P2: Future / nice-to-have
Things worth doing eventually but not on the critical path.
Spec
| Item | What |
|---|---|
Federation (spec/0012 drafted; not implemented) | Cross-bucket queries. Each bucket is an independent DreamDB; queries can fan out across them. |
Encryption (spec/0019 drafted) | At-rest encryption of payload Objects. Keys managed by the operator. |
Hybrid retrieval (spec/0015 drafted) | Combine vector search with sparse / BM25 / structured-filter scoring. |
Multi-tenant isolation (spec/0018 drafted) | Per-tenant subset filtering at the connector layer. |
| Graph-ANN query path | spec/0013 defines Vamana algorithm; serialization exists; query verb missing. |
SDK
| Item | What |
|---|---|
dreamdb_dataset.jax.DreamDBDataset | JAX-equivalent of the PyTorch wrapper. |
dreamdb_dataset.tf.DreamDBDataset | TensorFlow. |
| Browser query optimizations | Web Workers for ADC scoring (currently single-threaded JS). |
| Brotli-compressed manifest CBOR | Cheaper transfer for huge manifests. |
| Async-batched HEAD in GC | Already shipped via buffer_unordered(32); could grow to buffer_unordered(256) against S3. |
| HTTP/3 connector support | Lower latency on lossy networks. |
Dataset::async_iter true-stream API | Currently iteration is async per-batch but eagerly buffered; expose a real backpressured stream. |
Apps
| Item | What |
|---|---|
| Real-time append demo | Live UI showing records appearing as they're appended. WebSocket bridge over the protocol. |
| ML annotation tool | UI for human-in-the-loop labeling, writing labels as scalar tracks. |
| Audit / lineage viewer | UI showing "this trained model used dataset snapshot X; X contained records from sources Y, Z; record at ordinal N was last modified by writer W". |
| Cost dashboard | "How much disk does each Ref/snapshot cost?" Using content-addressing dedup math. |
Quality
| Item | What |
|---|---|
| Conformance test suite extension to JS | Cross-language: same SI Object, JS query → Rust query → same results. |
| Fuzz testing of CBOR decoders | property-based round-trip + random-bytes-don't-crash. |
cargo deny policy file | License + advisory audit. |
| 0-deps Rust kernel option | Strip optional features for embedded use cases. |
Suggested execution order
Concretely, the most impactful next 4-6 weeks:
Week 1: P0 SDK foundation (Arrow bridge + snapshot + add_embedding_layer) Week 2: P0 PyTorch integration + compare_refs Week 3: P0 sweep_runner + sweep_dashboard examples Week 4: Memory/docs catch-up; user trial of the sweep workflow on a real dataset Week 5-6: P1 starts — pick between tombstones (regulated use cases) vs schema migration (multi-version coexistence) vs multi-parent merge (multi-team scenarios) depending on which user pain hits first.
The P0 batch unlocks DreamDB as a credible ML training data source.

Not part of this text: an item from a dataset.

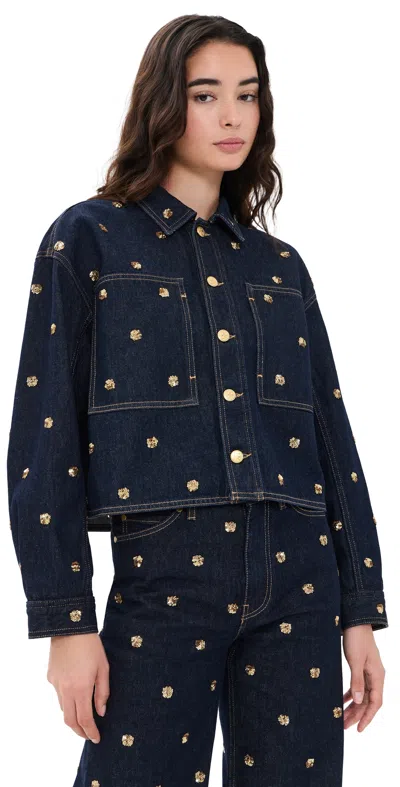 Ulla Johnson The Bobbi Embellished Denim Jacket Embellished Tigris In Black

P1 makes it production-credible. P2 is the "vision" tier.
What today's day-of-work proved
Phases 1-3.4 (all shipped today, 2026-05-15) demonstrated that:
-
The protocol is well-grounded — every architectural fix had a clean spec amendment path or fit within existing semantics. Chain-aware lineage required just one new field (
parents); no other primitives needed to change. -
Scope boundaries are the key discipline — the most damaging thing we shipped (inline auto-rebuild) violated the protocol/operator boundary. Deleting it was the right call; the operator-driven CLI + cron pattern is the natural replacement.
-
Mechanism-first lets apps be thin — the four layers (Protocol → SDK → Operator → App) compose cleanly. The sweep dashboard example app will be ~500 LOC because the SDK does the heavy lifting; without the SDK primitives it'd be ~5000 LOC.
The TODO list above is large but every item maps to a real user pain or a known production gap. Nothing on it is speculative.